Teradata Join Index

The Teradata Join index stores pre-joined tables. Join indexes are comparable to materialized views.

Join indexes are designed to permit queries to be resolved by accessing the index instead of accessing, and possibly joining, their underlying base tables.

The join index contains one or more tables and also provide pre-aggregated data. Join indexes are mainly used for improving performance.

The join indexes are an index structure. They have to be considered more as an added layer of pre-aggregated, pre-joined, or permanent tables with its row-level partitioning, Primary Index, and Secondary Indexes.

Even if a join index does not entirely cover a query, the optimizer can use it to join its underlying base tables in a way that provides better query optimization than scanning the base tables for all the columns specified in the request.

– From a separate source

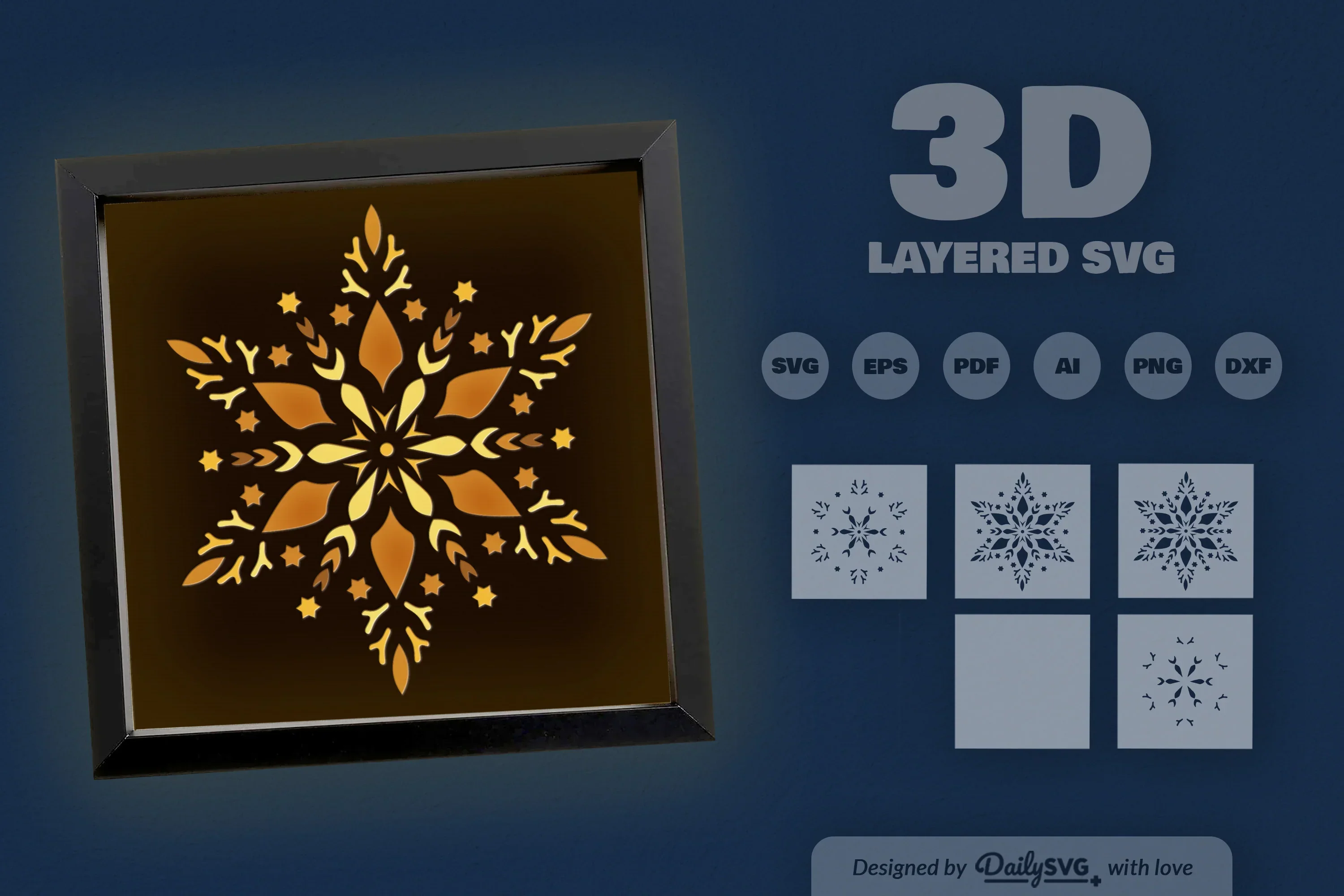 Winter Snowflake Papercut SVG Bundle - Image 3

Join indexes are useful for queries that aggregate columns from tables with large cardinalities. These indexes play the role of pre-join and summary tables without denormalizing the logical design of the database. At the same time, indeed, denormalization often enhances the performance of a particular query or queries.

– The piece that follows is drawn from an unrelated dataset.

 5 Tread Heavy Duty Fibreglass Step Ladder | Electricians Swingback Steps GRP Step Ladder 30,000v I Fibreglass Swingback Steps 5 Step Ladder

There are three types of join indexes available in Teradata.

Single Table Join Index (STJI)
Multi-Table Join Index (MTJI)
Aggregate Join Index (AJI)

Rules

Here are some essential rules of the Join Index, such as:

The Usage of the FULL OUTER JOIN is not allowed.
At least one non-null column must be selected on the inner side of the LEFT or RIGHT JOIN.
OUTER JOIN is preferable for Join Index usage likelihood but not allowed for the Aggregate Join Index.
HAVING and QUALIFY keywords are not allowed.
Set Operations are not allowed, such as UNION, INTERSECT, and MINUS.
No Subqueries are allowed.
Inequality conditions in ON clauses of join index definitions are not allowed.
Only <, <=, >=, > comparison operators are allowed.
During the restoration of a base table or database, the join index is marked as invalid.
A maximum of 64 columns per table per Join Index is allowed.
The maximum of 32 Indexes can be defined on a table, including join indexes.
UPI only allowed for a single table join index.
Value ordered NUSI and Partition Expression on the same Join Index columns are not allowed.

Single Table Join Index

Single-Table join indexes are created from exactly one base table. Their purpose is to have the same table available with a different primary index, partitioning, or smaller table (the join index table) with fewer columns to be spooled.

This improves the performance of joins as no distribution or duplication is needed. The user will query on the base table, but PE will decide whether to access the base table or single table join index.

Syntax

Following is the syntax of a JOIN INDEX.

CREATE JOIN INDEX <index name> 
AS 
<SELECT Query> 
<Index Definition>;

Example

Consider the following Employee and Salary tables.

CREATE SET TABLE EMPLOYEE, FALLBACK 
( 
   Employee_Id INTEGER, 
   First_Name VARCHAR(10), 
   Last_Name VARCHAR(10), 
   DOB DATE FORMAT 'YYYY-MM-DD', 
   
   DepartmentNo BYTEINT 
) 
UNIQUE PRIMARY INDEX (Employee_Id);

CREATE SET TABLE SALARY, FALLBACK 
( 
   Employee_Id INTEGER, 
   Gross INTEGER, 
   Deduction INTEGER, 
   NetPay INTEGER 
) 
PRIMARY INDEX (Employee_Id) 
UNIQUE INDEX (Employee_Id);

Following is an example of creating a Join index named Employee_JI on the Employee table.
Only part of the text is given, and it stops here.